The case was subjected to full trial with the prosecution calling six witnesses in support of its case. The appellant was the only witness for the defence.                                                                                                                                                          

Facts of the case

N K H, PW1, a standard eight pupil aged about fourteen years travelled from her home (particulars withheld) to offices of Mandera Development Society situated in Mandera town to collect some money. She was told that money could only be released to her guardian. She left the place to travel to Bulla Jamhuria Boys’ Town to her uncle’s home. She lost the way. She decided to ask for directions and knocked at the door of a certain house. The house was occupied by the appellant who appeared at the door. PW1 asked for directions and the appellant told her to wait for him to change his     clothes. The appellant reappeared at the door wearing a kikoi and pulled PW1 inside the house. He threatened to kill her and undressed her leaving her wearing the inner dress. While holding a knife he demanded for sex from PW1 while holding her on the neck.                                                                                                                                                                             

As the two were struggling the appellant’s father arrived at the scene and PW1 got a chance to slip away. She ran into the home of S S, PW2, where the appellant followed her and demanded to have her back. PW1 refused to go with the appellant. The appellant was told to bring PW1’s clothes which he did. This commotion attracted neighbours making the appellant leave the scene. The matter was reported to the police and PW1 was issued with a P3 form. She was treated and the P3 form filled. In the meantime the appellant was arrested and charged with this offence.
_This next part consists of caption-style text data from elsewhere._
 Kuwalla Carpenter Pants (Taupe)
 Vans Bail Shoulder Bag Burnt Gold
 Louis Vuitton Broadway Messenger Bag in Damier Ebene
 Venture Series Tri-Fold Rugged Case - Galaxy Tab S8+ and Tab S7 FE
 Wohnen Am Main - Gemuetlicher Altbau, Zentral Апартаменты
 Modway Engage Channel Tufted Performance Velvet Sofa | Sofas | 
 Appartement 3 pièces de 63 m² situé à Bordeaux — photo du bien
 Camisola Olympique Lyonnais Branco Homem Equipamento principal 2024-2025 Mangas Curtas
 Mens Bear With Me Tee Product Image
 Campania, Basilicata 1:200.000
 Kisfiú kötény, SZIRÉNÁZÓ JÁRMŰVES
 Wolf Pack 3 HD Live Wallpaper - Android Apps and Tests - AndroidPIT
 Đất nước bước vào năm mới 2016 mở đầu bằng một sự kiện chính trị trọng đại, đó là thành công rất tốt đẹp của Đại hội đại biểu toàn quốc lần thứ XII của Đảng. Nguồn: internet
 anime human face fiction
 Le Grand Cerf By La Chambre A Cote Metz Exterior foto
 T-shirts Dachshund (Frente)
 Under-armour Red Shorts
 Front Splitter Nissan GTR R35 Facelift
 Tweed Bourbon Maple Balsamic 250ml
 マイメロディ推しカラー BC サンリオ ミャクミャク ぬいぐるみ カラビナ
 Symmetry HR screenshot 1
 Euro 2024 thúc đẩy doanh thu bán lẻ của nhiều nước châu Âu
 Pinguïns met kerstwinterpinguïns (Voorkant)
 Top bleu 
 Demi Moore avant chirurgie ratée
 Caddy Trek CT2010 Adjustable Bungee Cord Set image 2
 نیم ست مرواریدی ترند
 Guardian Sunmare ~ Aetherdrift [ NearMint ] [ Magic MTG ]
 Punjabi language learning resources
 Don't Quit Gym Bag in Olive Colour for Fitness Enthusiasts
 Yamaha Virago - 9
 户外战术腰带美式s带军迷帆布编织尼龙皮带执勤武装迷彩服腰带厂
The trial magistrate considered all the evidence and found the charge proved beyond reasonable doubt. He convicted and sentenced the appellant to 10 years imprisonment.

Petition of appeal

By a petition of appeal filed on 21st August 2013, the appellant has listed twelve (12) grounds of appeal. These are self-made and badly drafted. To my understanding, the appellant is contesting that the complainant was a stranger to him and that he saw her first at the police station; that the complainant was lying that she had lost her way yet that was not the first time she travelled to the offices of the NGO; that the whole case is a conspiracy against him; that he was away at his brother’s house at BPI and not at the scene on 26th June 2012; that the evidence is contradictory; that the trial magistrate relied on false evidence to convict.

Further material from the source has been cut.